Accelerators are a supporting mechanism to stimulate the emergence of a viable business model of startups and accelerators perceive themselves as ´actors of change´ not only identifying opportunities but also facilitating their distribution (Drori & Wright, 2018). Yet, it is worth noting that accelerators are sometimes startups themselves (Bliemel et al., 2016; Goswami et al., 2018; Pauwels et al., 2016).

Pauwels et al. (2016) used the design lens and provided key building blocks and related constructs. There is a wide variety of accelerators as the discussion so far has demonstrated. One approach to classify the building blocks and constructs is in the table below.

Building blockConstructs
Program packagementoring services, curriculum/training program, counselling services, demo days/ investor days, location services, investment opportunities
Strategic focusindustry/sector focus, geographical focus
Selection processonline open call, using externals for screening, team as primary selection criterion
Funding structureinvestor funding, corporate funding, public funding, alternative revenues
Alumni relationsalumni network, post program support
Table 3: Building blocks and main constructs for accelerators (Pauwels et al., 2016)

Regarding the strategic focus, the tendency is towards the higher level of sector specificity (Drori & Wright, 2018; Isabelle, 2013; Mian et al., 2016). The portion of general accelerators is already less than half of all the accelerators (Global Accelerator Report 2016) resulting in more focused services in the program package e.g. mentors, corporate ties and teams. The quality of the mentors is a critical issue for the accelerators as the mentors play such a crucial role in the accelerator concept (European accelerator summit 2016). The focus of this study is on the accelerators with a clear strategic focus since this study focuses on an edtech accelerator.

As to the funding structure, approximately two thirds of the accelerators are for-profit and they are mostly funded by private capital from investors (Global Accelerator Report 2016).
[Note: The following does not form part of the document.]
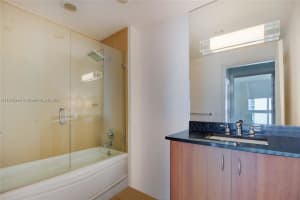 300 Biscayne Blvd, Miami, FL 33131, Sold 10/04/22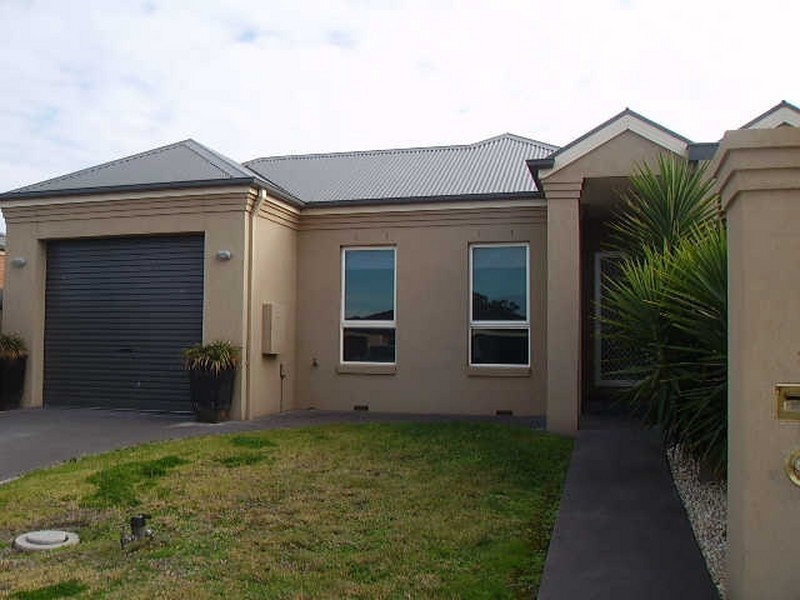 1/12B Balmoral Crescent, Bairnsdale VIC 3875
The financial sustainability may form a challenge for the accelerators (European accelerator summit 2016).

European accelerator summit (2016) argues the selection of quality startups forms another challenge for the accelerators. The more well-known accelerator, the tighter the selection process, which leads to better quality startups and more success stories, which again attract more quality startups. The maturity of the local entrepreneurial ecosystem shows in the selection process, some regions do not have a pool of quality startups. In addition, the global competition among accelerators enables the startups to apply for accelerators with a good reputation.

After the accelerator period the startups join the alumni community and the more powerful the networks to the investors and mentors, the more post program support is available. The top programs, in particular, highlight the value of alumni networks (Hochberg & Fehder, 2015).

The figure below is a synthesizing illustration of viewpoints discussed earlier, in other words, the building blocks (Pauwels et al., 2016) and the elements of the widely used definition of accelerators (Cohen & Hochberg, 2014). However, it also takes into account the ecosystem viewpoints (Drori & Wright, 2018; Goswami et al., 2018) by acknowledging the role of accelerators as bridge builders. It also refers to Spigel (2017) and his notion of accelerators as organizations outside the boundaries of startups but within the regional system. Yet, it does not explicitly mention the different levels of ecosystem attributes and their interrelationships.

Figure 1: Synthesis of accelerators as ecosystem builders

The synthesis combines the program level (i.e. cohorts and later alumni) and additionally, it positions accelerators in the wider networks as an ecosystem builder. The programs contain phases before, during and after accelerator programs. With each new program, the alumni community grows provided the accelerator is able to keep the alumni as active members. The role of an accelerator is the role of a bridge builder between startups – both in the cohorts and in the alumni community – and partner networks.

3. Methodology

The research design was a single case study (Dyer & Wilkins, 1991; Flyvbjerg, 2006; Gummesson, 2007; Ragin, 1992). The strength of the single case is that it enables to gain in-depth knowledge and nuanced insights of the phenomenon. Following the single case approach the study was conducted within one organizational context. The data covers four years of the emerging accelerator (2016-2019). The research site is an edtech accelerator in Finland, which was established 2015 and had the first cohorts in 2016. One of the researchers of this paper started to follow the activities of the accelerators in 2016 and contacted the accelerator to have access for research purposes.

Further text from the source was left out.